A book containing lore about the empire of Tamriel, presented as originating from the game world (from Elder Scrolls: Oblivion special edition)
Immersion and Meta-thinking
Ernest Adams refers to the term “suspension of disbelief, as used by the game industry, that has come to mean immersion: losing track of the outside world. Immersion is the feeling of being submerged in a form of entertainment, or rather, being unaware that you are experiencing an artificial world. When you are immersed in a book, movie, or game, you devote all your attention to it and it seems real. You have lost track of the boundaries of the magic circle. The pretended reality in which you are immersed seems as real as, or at least as meaningful as, the real world.”. I will add that you never lose track of the realness of the real world, something implied in the “as real as, or at least as meaningful as, the real world” part. He then demarcates (at least) 3 types of gaming immersion: tactical, strategical, and narrative. By immersion I mostly mean in this text narrative immersion, which is “the feeling of being inside a story, completely involved and accepting the world and events of the story as real. It is the same immersion as that produced by a good book or movie, but in video games, the player is also an actor within the story”2.

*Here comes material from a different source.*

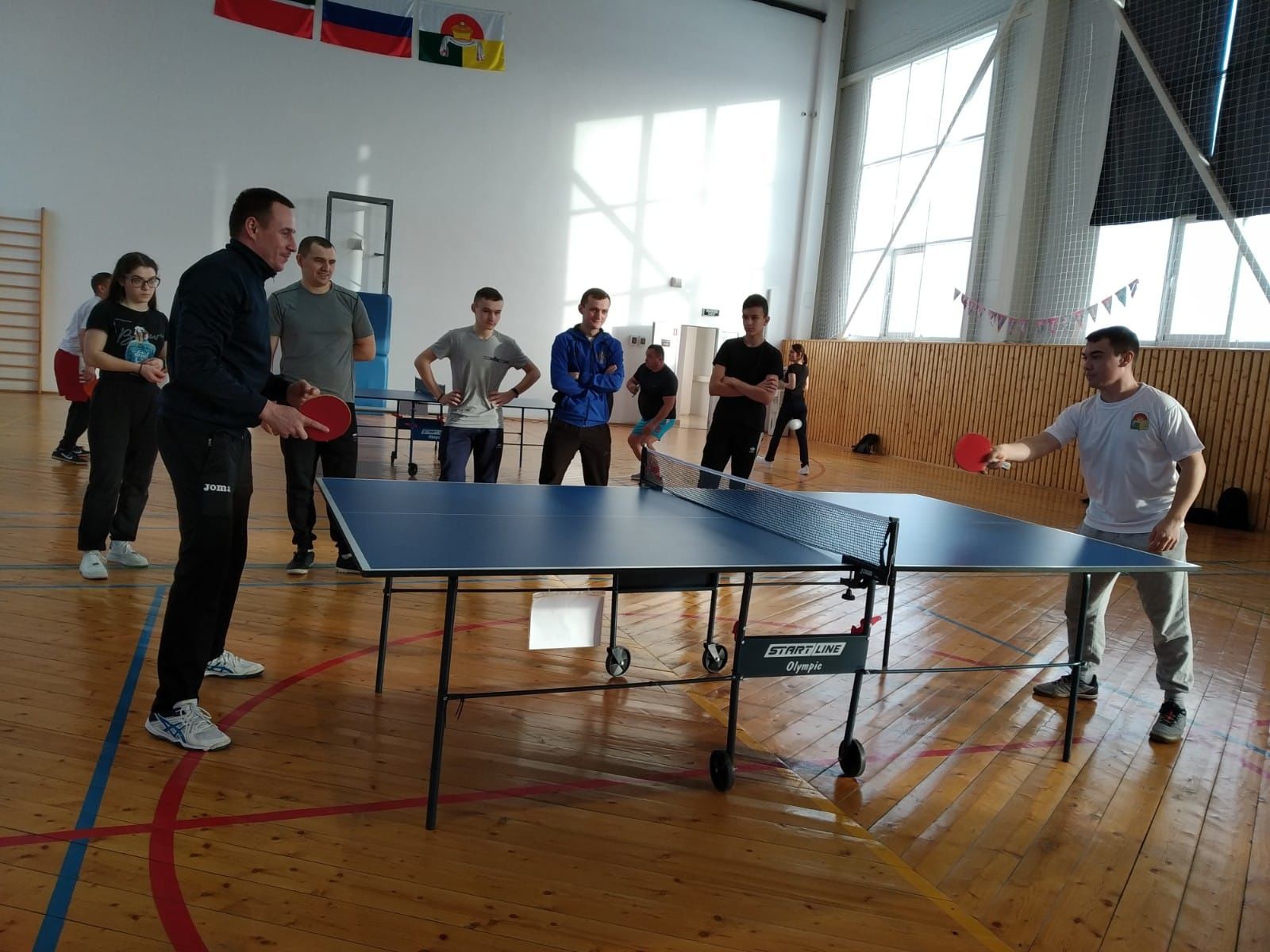 Лучшие теннисисты  Дрожжановского района поборолись за призы "Деда Мороза"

Brown & Cairns on the other hand do not go for a strict, narrow definition of immersion, but approach it as a dynamic, three-leveled procedure, which consists in the Player’s engagement, engrossment, and total immersion 3. What is of interest here is total immersion, which is defined as Presence. Wirth et.al. regard Spatial Presence as “a two-dimensional construct. [Its] core dimension is the sensation of being physically situated within the spatial environment portrayed by the medium (“self-location”). The second dimension refers to the perceived possibilities to act: An individual who is experiencing Spatial Presence will perceive only those action possibilities that are relevant to the mediated space, but will not be aware of actions that are linked to her/his real environment [the manipulation of game controls]. However, the list of phenomena defining Spatial Presence does not need to include the user’s experience of nonmediation, i.e., the deactivation of cognitive information that defines a given situation as a media exposure [in other words the acknowledgement that we play a game is compatible with Spatial Presence]”4.
Moving on from these definitions, the fact remains that the immersion of the player as a (usually advertised) feature of games is in opposite terms to, and negatively influenced by meta-thinking (i.e. thinking as a being outside the game world). As was explained above, total, tautological-level immersion is contrary to the contemporary concept of video-gaming, as well as our machines’ capabilities.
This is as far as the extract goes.